Sin embargo, no hay que darle mucha importancia. Tampoco se puede tomar muy en serio cualquier derivación argumental más allá del tópico de género hipertrofiado de Un Bay cegado por la ambición visual, carente de inventiva, donde no existen las leyes de la coherencia o la verosimilitud. Pero ni falta que hace. El sentido de la narración y la puesta en escena para Bay es así. Un páramo de albedrío donde hacer lo que quiera, sin cortapisas de ningún tipo, donde importa tanto que ondee la bandera de Estados Unidos como las escandalosas batallas automovilísticas, militares y entre robots, así como que la explosiva chica luzca sin perder su destilación sexual amplificada.
La descompensación y desequilibrio puestos al servicio de un metraje que se alarga hasta las dos horas y media suponen un escenario perfecto para la algaraza mastodóntica de ese humor a golpe de ‘gag’ absurdo, de tiempos muertos para dejar espacios en blanco, para que la chica florero que luzca sus encantos o que la acción sin lustre ni elocuencia evidencie un torpe discurso sobre el antagonismo de los Transformers, que son catalogados en dos colores básicos para que el público no se pierda; los de Optimus Prime y Autobots en gamas variadas de azul y los del malvado Megatron y sus Decepticons de sospechoso rojo infierno. Una dicotomía infantil muy adecuada para diferenciar a esos Decepticons que sueñan con la tiranía y los Autobots, que luchan por la libertad.
Por lo demás, lo de siempre. Shia LaBeouf ya no resulta tan entrañable como en las dos anteriores entregas y aquí parece cansado de tanto ajetreo, exhibiendo un rostro alucinado de gesto gástrico. Tampoco aportan mucho los habituales de la franquicia Josh Duhamel, Tyrese Gibson y John Turturro. Y lo que es peor, ni siquiera los fichajes de calidad (Frances McDormand, Patrick Dempsey o John Malkovich) pueden hacer nada por evitar que todo resulte como una atracción de feria. Y sí, dirán lo que quieran de Rosie Huntington-Whiteley, pero para búcaros de ornamento se echa de menos a Megan Fox como objetivo del realizador de ‘fetichizar’ a una mujer despampanante.
‘Transformers: el lado oculto de la luna’ podría definirse, como señala A. O. Scott en ‘New York Times’ como una fanfarria de “homoerotismo metalizado” de los transformers.
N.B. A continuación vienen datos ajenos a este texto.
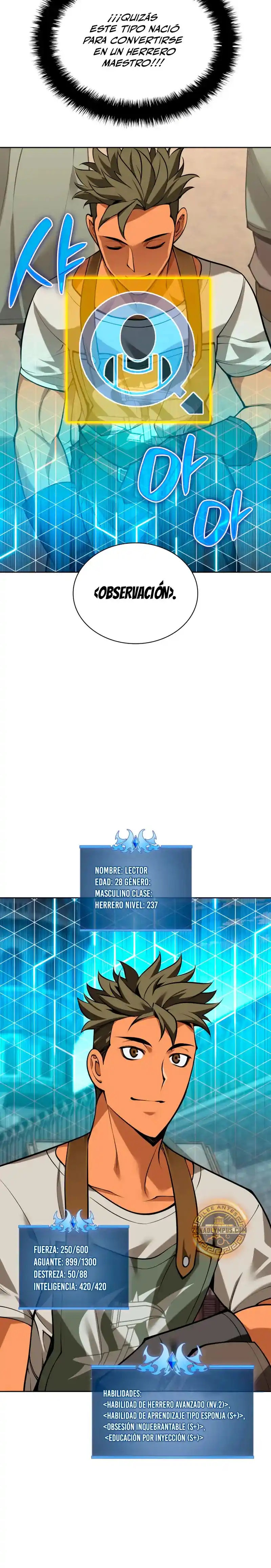 Read Overgeared ES Manga Online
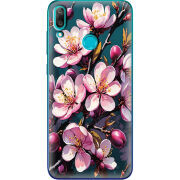 Чехол Uprint Huawei Y7 2019 Рожевий аромат
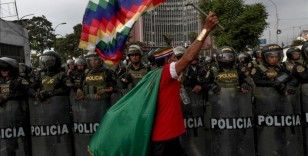 Peru Cumhurbaşkanı Boluarte protestoculara ulusal ateşkes çağrısı yaptı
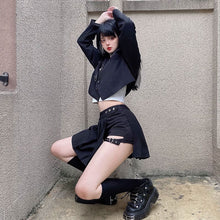 画像をギャラリービューアに読み込む, 原宿風ストリート 個性派ダンス衣装セットアップジャケットとパンツレデイーズカジュアルセット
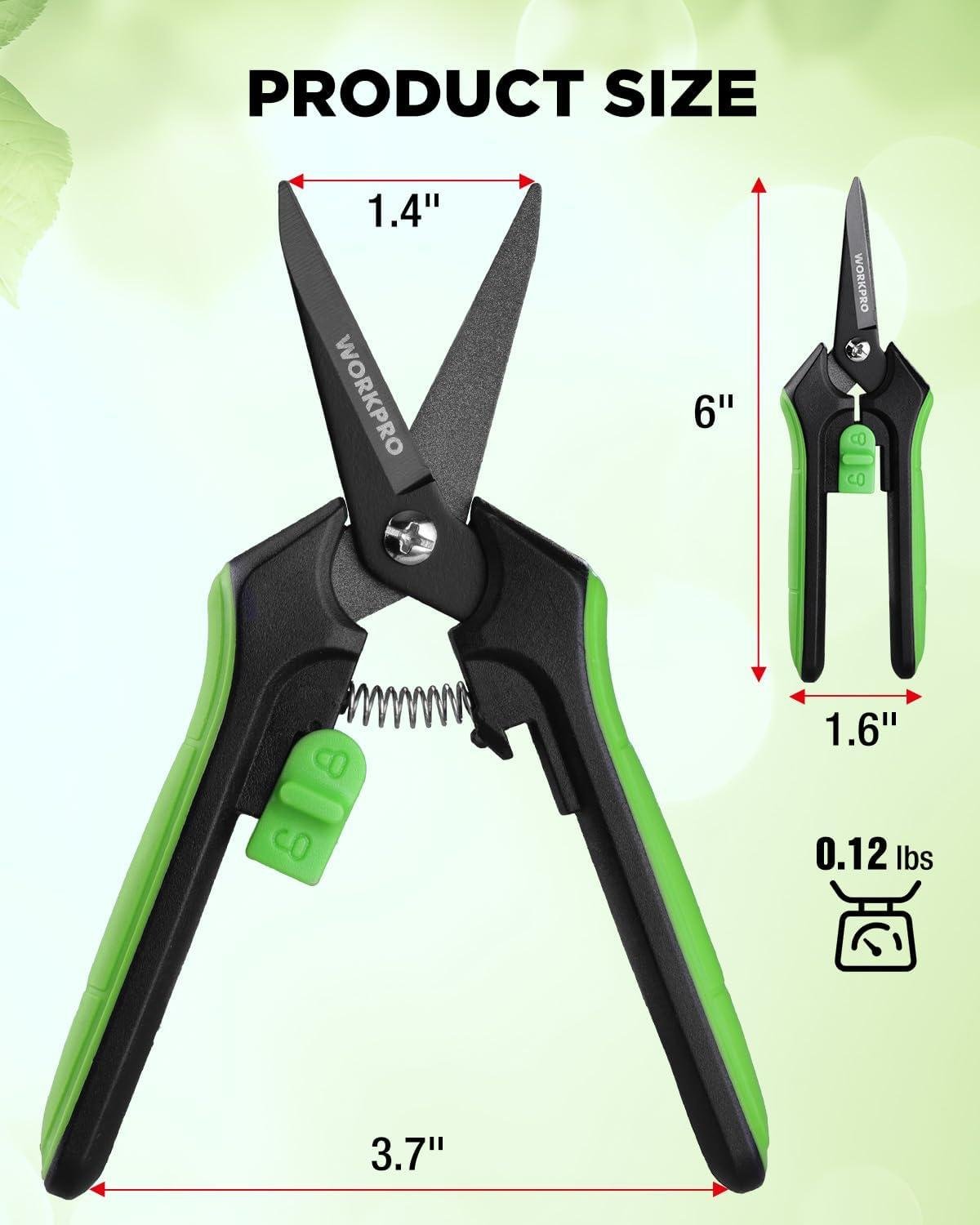 **I Tested WORKPRO Pruning Shears - Here's My Take** 2 **I Tested WORKPRO Pruning Shears - Here's My Take**
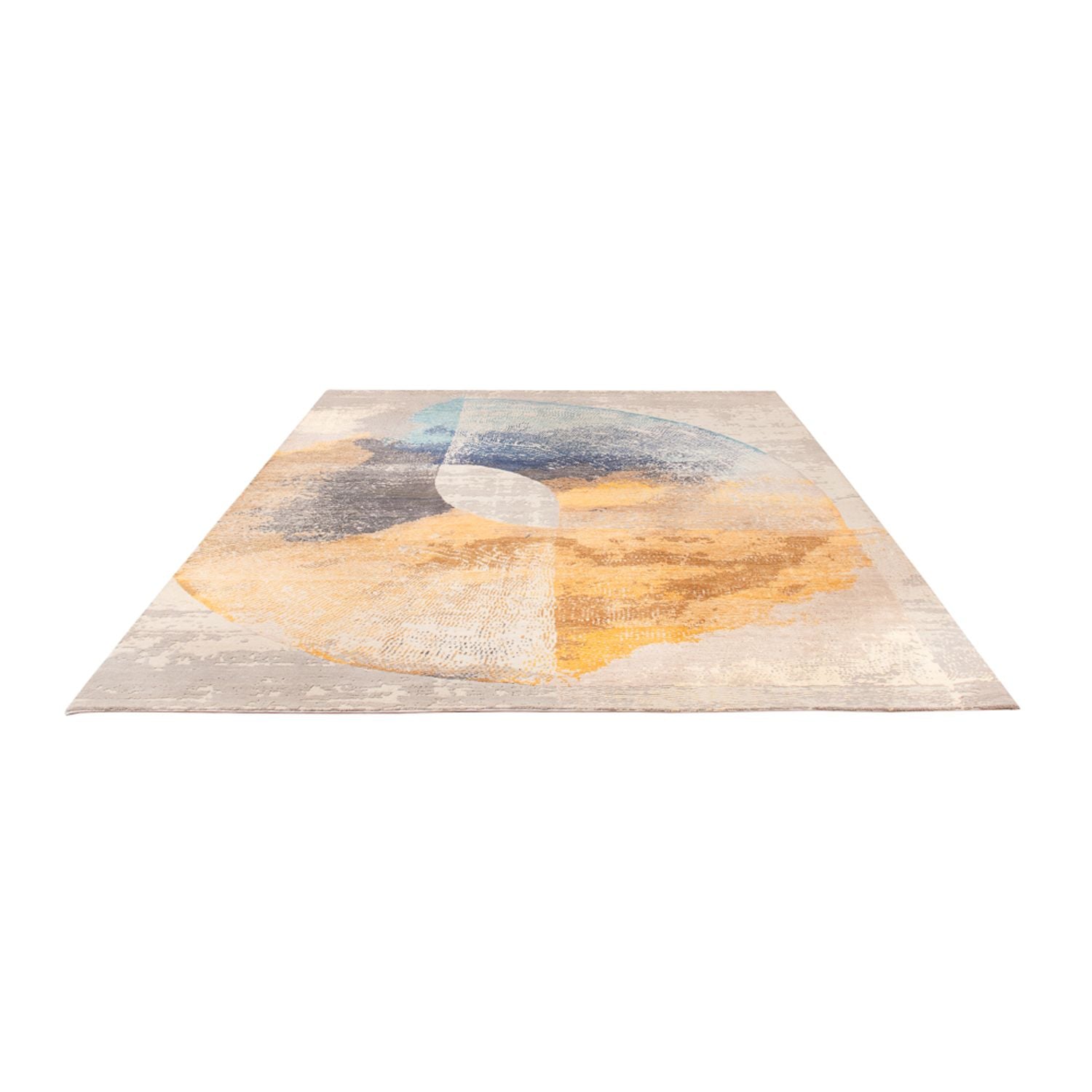 Designer tæppe - 306 x 244 cm - flerfarvet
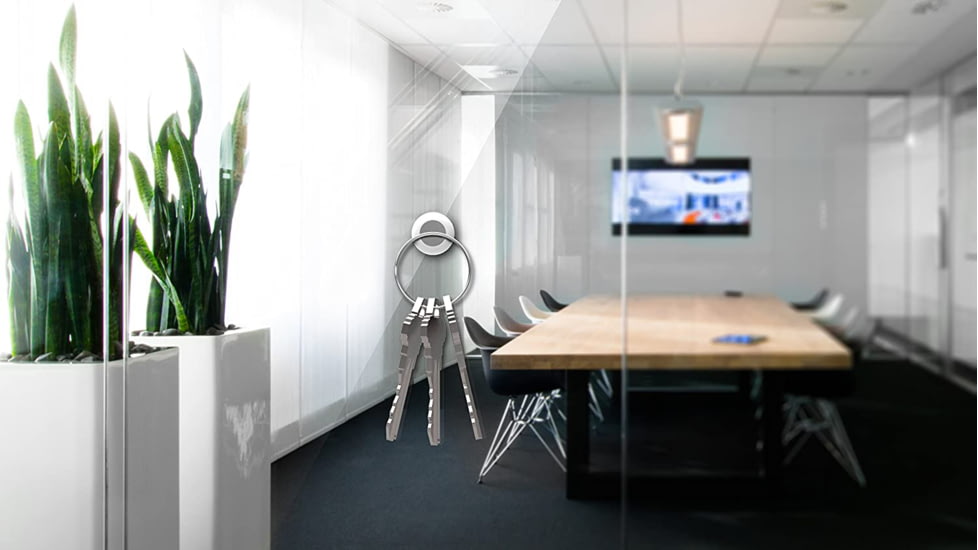 KeySmart KeyCatch Mag Key Hanger, Set Of Three, Universal Magnet Holds Up To 3 Lbs, 3M Tape Peel And Stick Back, KS190-3PK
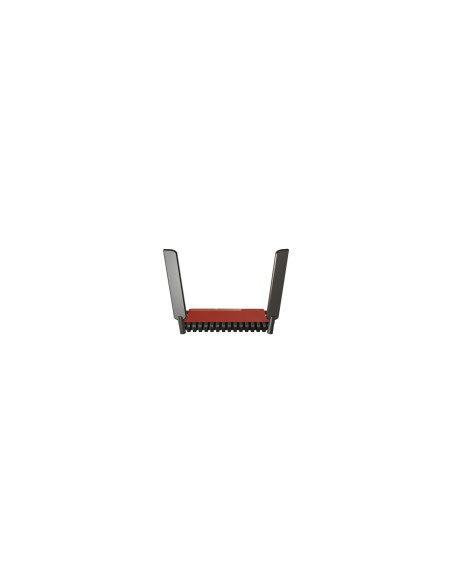 Mikrotik L009UiGS-2HaxD-IN router inalámbrico Gigabit Ethernet Banda única (2,4 GHz) Rojo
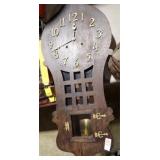 SESSIONS 1905 ROMANA MISSION CLOCK 32'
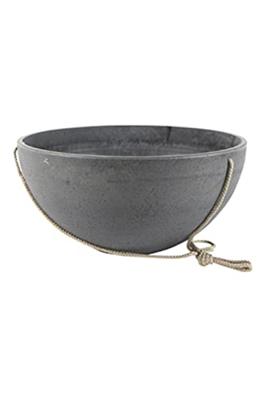 Hangschaal Nova 25 beton grijs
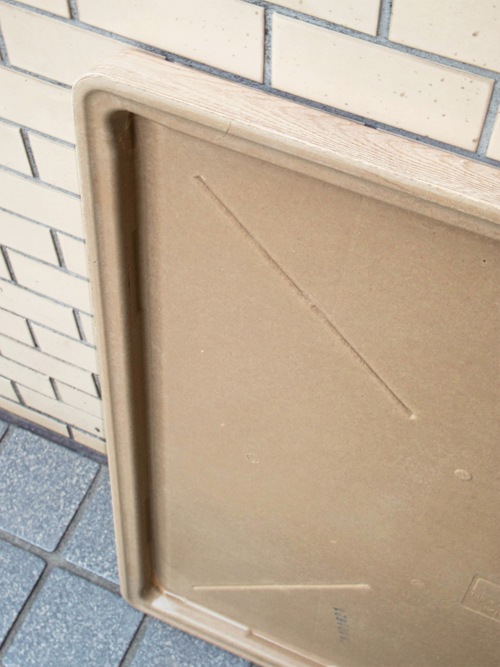 メラミン天板傷つきにくく、業務用・飲食店などにおすすめ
La divinización de un cine post-humano donde no cabe la sutileza, llevado más allá de los cánones del séptimo arte hasta mecanizar su alma y su propósito, hasta transformar su cine en una máquina metamorfoseada por gran tonelaje de efectos especiales y manifestar, con aires de grandeza, lo que el trabajo de los efectos generados por CGI es capaz de lograr.